Noel was fifteen years older than me. We saw too little of each other. After he joined the British army in 1947 we were never living in the same town, rarely even in the same country. We kept up with each other by mail, though, and relations were never anything but affectionate.
My brother was a hard worker, a good citizen, and a loving family man. He served his country in the armed forces for twenty-four years, and then his municipality for another twenty. He was married to Dorothy, who survives him, for over sixty-two years. The marriage was, so far as an outsider could tell, cloudless. They raised two fine sons.
Noel's was a good life, usefully and honorably lived. I shall cherish my memories of him.
Them he cannot take. We forget now, in this age of texting and Skype, how many letters people used to write. My mother got regular letters from her numerous siblings, living fifty or sixty miles away.
Noel kept this up to the end. I got two or three letters a year from him, the last one in December 2015. Reading one of Noel's letters was like having him in the room with you, talking.
I've met a lot of writers in my time, including a few famous ones. They fall into two broad groups. In Group One are those Dr Johnson and Arthur Koestler warned us about: those who, after you've been reading and admiring their stuff for years, are a sad disappointment in person.

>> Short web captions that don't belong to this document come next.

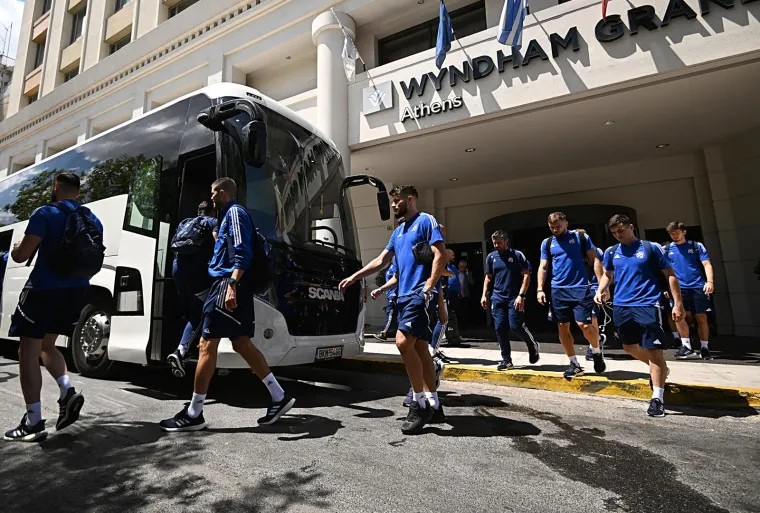 Nakon &scaron;to je zbog nereda i smrti navijača otkazana utakmica vraćaju se doma: Dinamovci uz jako osiguranje napu&scaron;taju Atenu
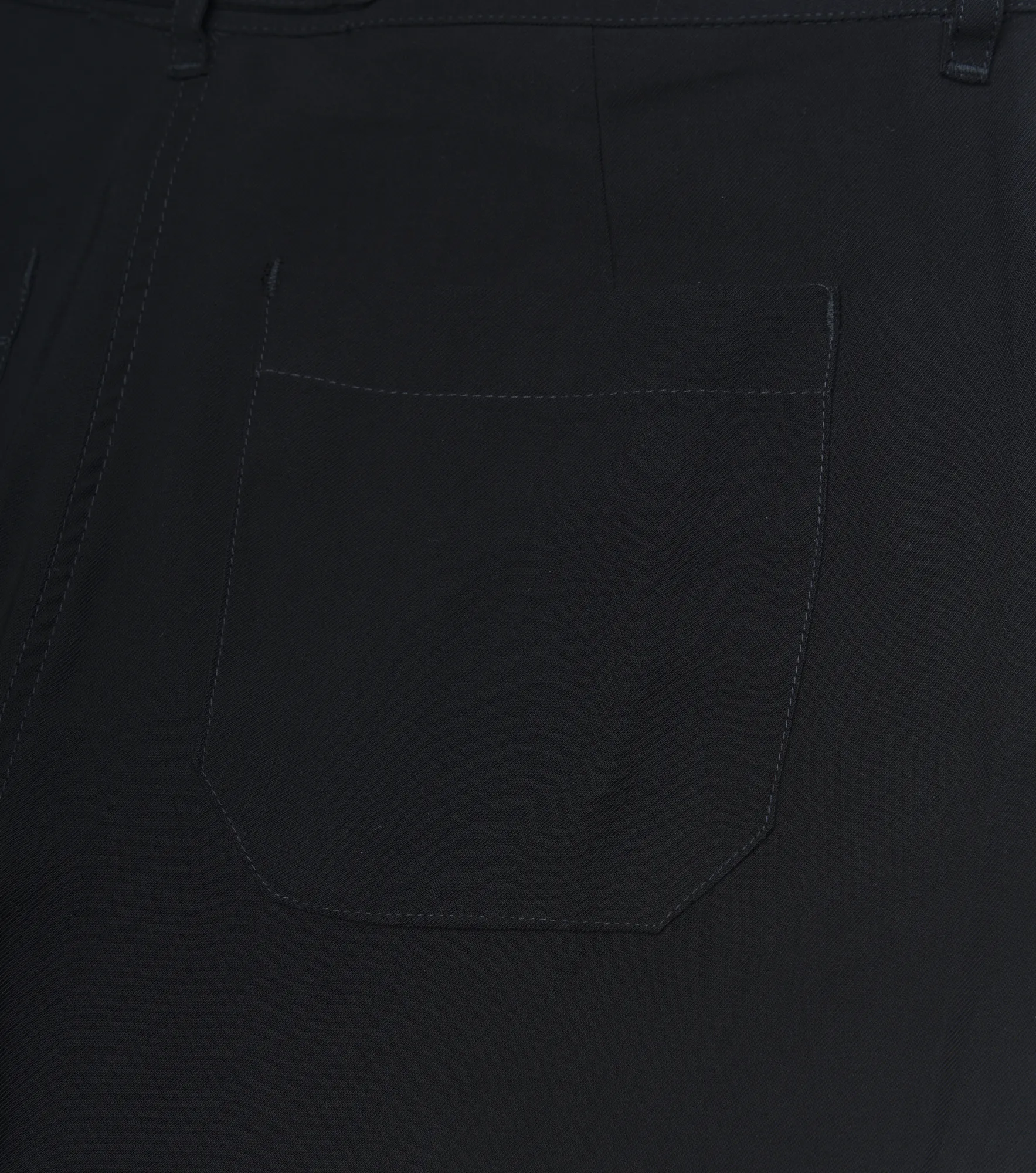 Antonella Pantalon Unicolor Con Detalles Unser 836550 NG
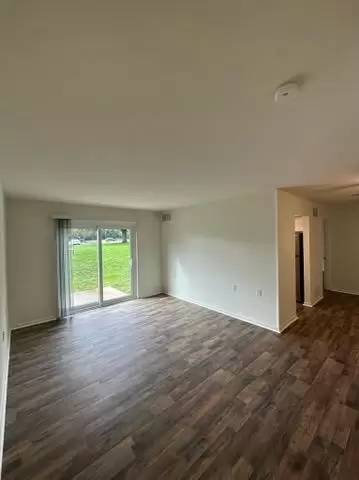 Main picture of Foxcroft Village Apartments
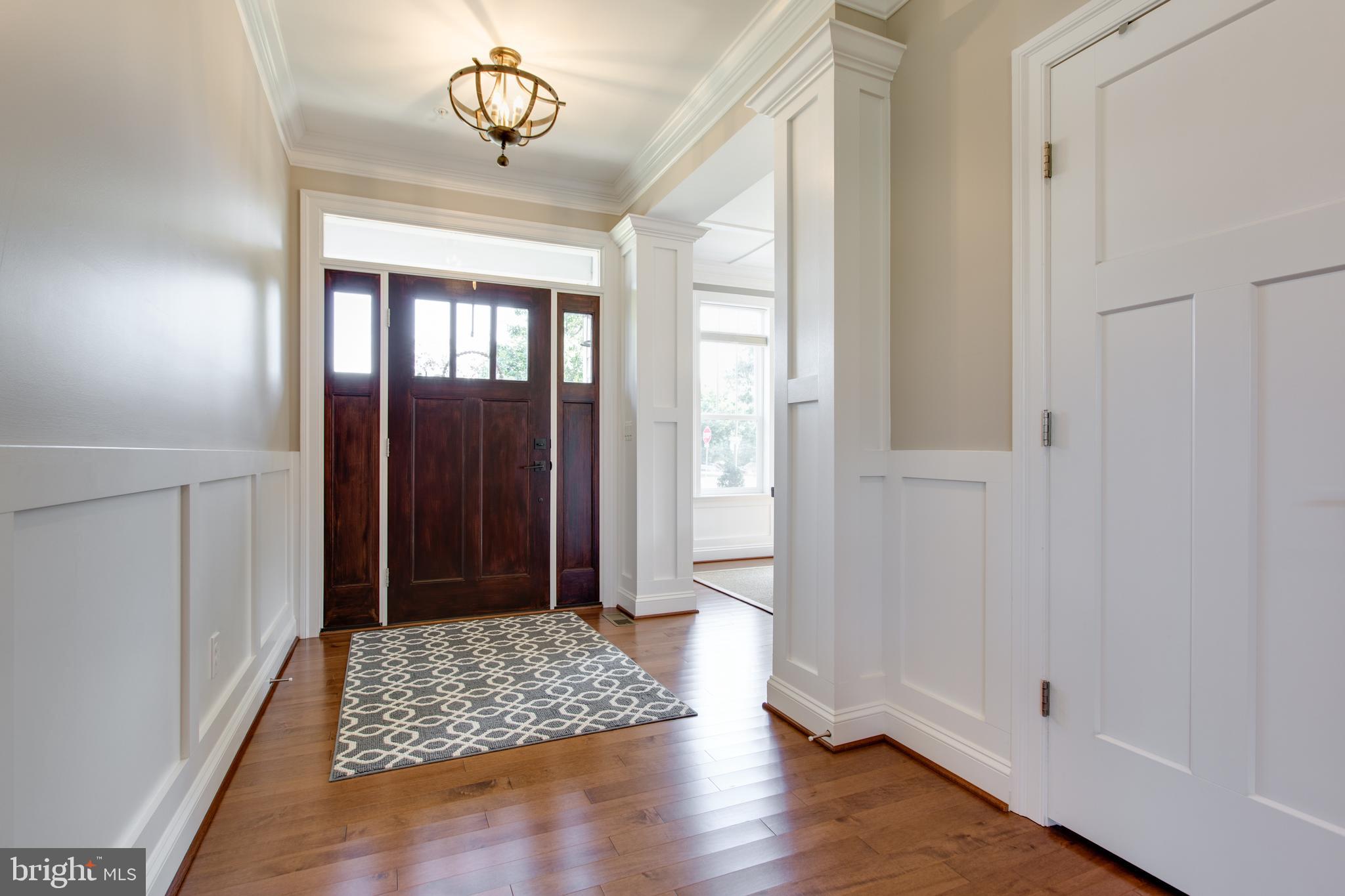 4596 Roundhill Road Ellicott City, MD 21043 - Photo 5 of 55 Foyer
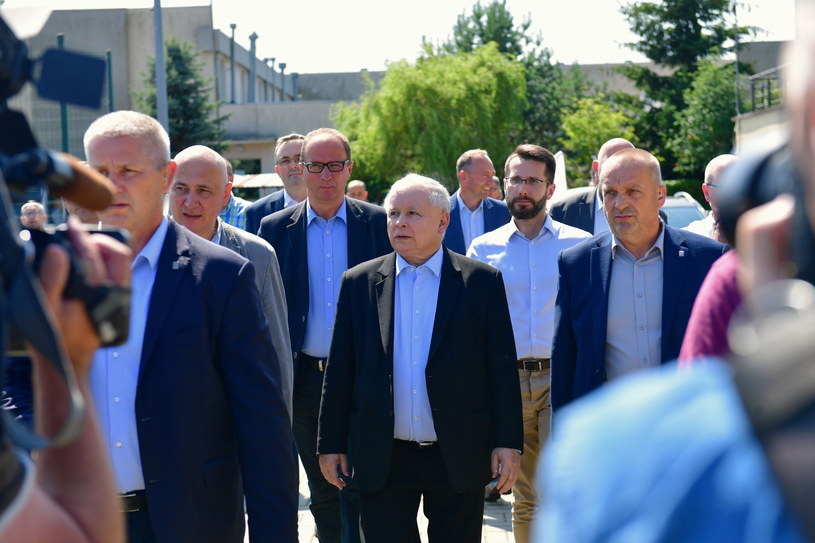 Prezes PiS Jarosław Kaczyński oraz europoseł Joachim Brudziński w miejscowości Dygowo pod Kołobrzegiem / 	Marcin Bielecki    /PAP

Noel, though never a professional writer, was in Group Two: people with only one voice, who write just as they speak. That's a blessing. I have a big file of Noel's letters. To hear his voice, complete with soft Shropshire accent, I only have to dip into the file. William Johnson Cory's lovely lines come to mind:
Still are thy pleasant voices, thy nightingales, awake;
For Death, he taketh all away, but them he cannot take.